Tutorial! Screen printing with freezer paper stencils with Zeena Shah
East London-based textile designer Zeena Shah (she’s also inspiration for the By Hand London Zeena dress, for you craft world trivia buffs) recently released a beautiful book called How to Print Fabric! There are 20 techniques in the book plus simple sewing project to show them off and every single one is just gorgeous.
We invited Zeena to share a project from the book with us on the blog and I picked that awesome fox cushion. Take it away, Zeena!
SCREEN PRINTING WITH FREEZER PAPER STENCILS
By using freezer paper to create stencils to print with on an open screen you can cleverly build up a multi-coloured fabric print from scratch with minimal equipment.
YOU WILL NEED
• Plain fabric, medium or heavyweight
• Two fabric screen printing inks, contrasting colours
• Silk screen
• Freezer paper
• Scalpel and cutting mat
• Masking tape, wide width
• Scrap paper, newspaper or table protector
Click the image to open full size and print!
01. Cut two pieces of freezer paper with scissors to fit your silk screen. Trace one Fox Design template at the centre of each sheet and label with the corresponding letter. Using a scalpel and cutting mat, carefully cut out the coloured areas of your design, keeping any loose pieces that you cut out for later.
02. Iron your fabric, lay it flat and secure the edges with masking tape. Carefully lay stencil A directly onto the fabric, making sure the freezer paper has its waxy side facing down, then gently iron the stencil so it sticks to the fabric – don’t over-iron, otherwise it will be difficult to peel away later. You can also place the floating pieces into position now and secure them by ironing.
03. To prepare your silk screen for printing, mask where the mesh meets the edge of the frame on the reverse or flat side of the screen with wide-width masking tape – this stops any ink spilling through the edges and bleeding onto your fabric.
04. Place your screen directly on top of your freezer paper stencil, checking you can see the entire design through the mesh, then dollop a generous line of ink evenly across the top edge of the screen. Holding your squeegee at a 45-degree angle in one hand, use the other to hold the frame securely. Press the squeegee down into the ink and pull it towards you in one continuous motion until you reach the bottom of the screen – then repeat the process in the opposite direction.
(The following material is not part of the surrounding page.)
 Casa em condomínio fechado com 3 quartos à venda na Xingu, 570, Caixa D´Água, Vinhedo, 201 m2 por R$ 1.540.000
Give the squeegee a bang to release any excess ink back onto the frame and repeat the process. Slowly lift up your silk screen from the end closest to you to reveal the print – the paper should remain stuck to the fabric. The ink will need to dry before moving onto colour B, so wash your silk screen and squeegee immediately with cold water and a sponge then leave them to dry naturally before printing again.
05. When your print is completely dry (you can use a hairdryer to speed this along!) peel away your paper stencil and iron your fabric again ready to repeat the whole process for your colour B stencil.
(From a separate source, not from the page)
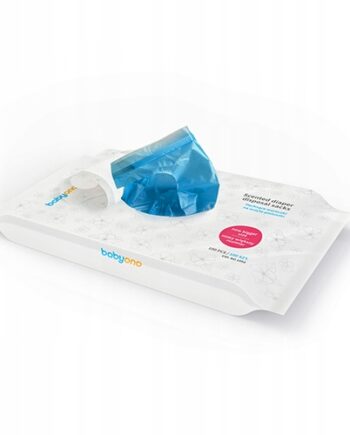 BABYONO PACHNĄCE WORECZKI TOREBKI NA ZUŻYTE PIELUSZKI x100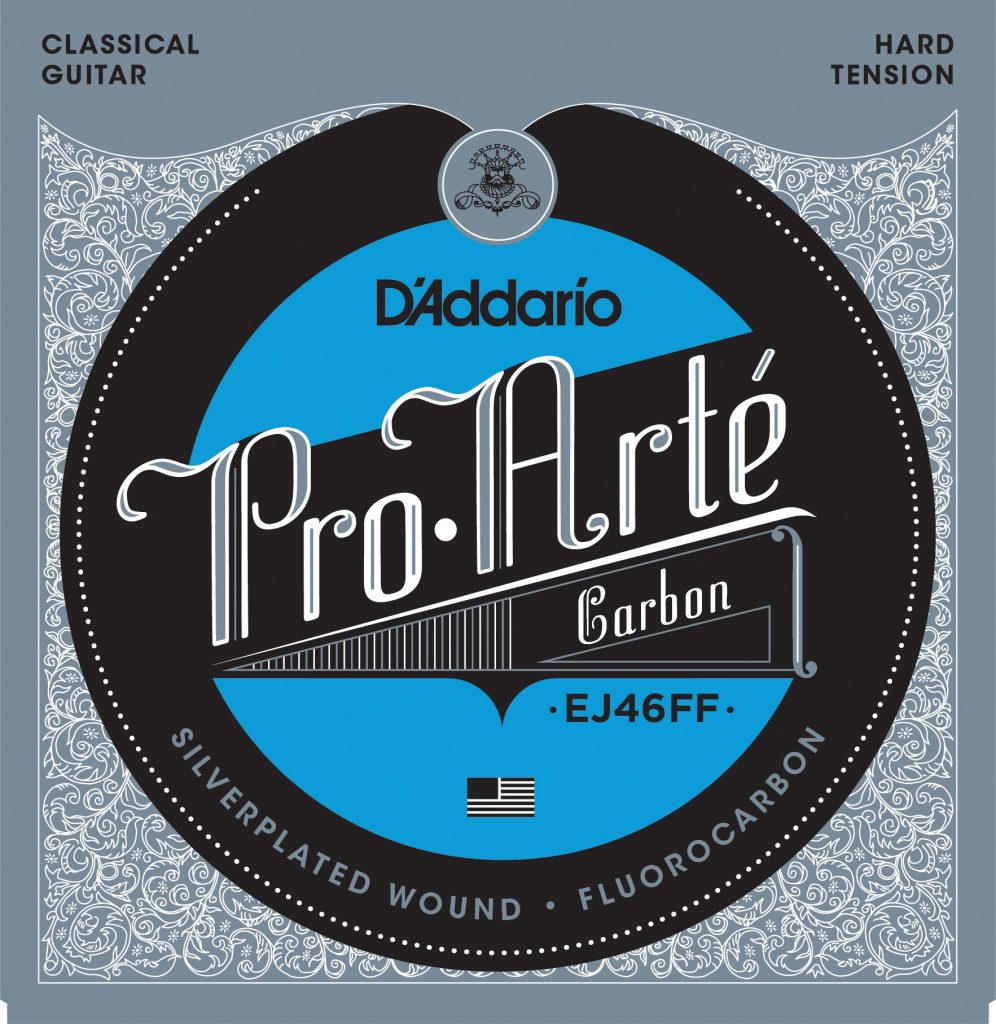 CUERDA GUITARRA EJ46FF DADDARIO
Tip: As you grow in confidence, you can start to add multiple colours by simply using different layers of stencils, a process known as colour separation.
This cute little fox-shaped pillow is the perfect creature to adorn your home, or why not give your fox to some friends? Bring him to life with a simple screen print and a bit of stitching – alternatively you can use this technique to create any shape of pillow you wish.
YOU WILL NEED
• Printed fabric, 30 x 25cm (12 x 10in)
• Plain or patterned fabric, 30 x 25cm (12 x 10in)
• Sewing machine and matching thread
• Hand-sewing needle
• Pinking shears
• Toy stuffing or scrap fabric for filling
01. Print the Fox Design template onto your fabric using the Screen Printing with Freezer Paper Stencils technique. Then dry and fix by following the instructions on your ink.
02. Lay your printed and backing fabrics together, right sides facing (A). Measure a 1.5cm (5⁄8in) seam allowance in from the edge of the print and mark a stitch line all the way around your design.
03. Pin the fabrics together at right angles then use your sewing machine to stitch along your marked line, reversing at the beginning and end – you can sew this by hand with a close running stitch or back stitch if you don’t have a sewing machine (B). Remember to leave a 10cm (4in) gap for filling.
04. After you have stitched your fabrics together, trim away the excess material then use pinking shears or finish with a zigzag stitch to prevent any fraying edges (C).
05. Snip notches into any inward curves to enable the cushion to take its intended shape (D). Then turn it the right side out, making sure you poke out all the corners, perhaps using a blunt pencil or chopstick to help.
06. Press with your iron and fill your fox with toy stuffing or a scrap fabric. Pin the gap closed and slip stitch with a needle and thread. Finished!
Tip: If you don’t have any toy stuffing or scrap fabric you’re willing to part with, old tights make great alternative fillers!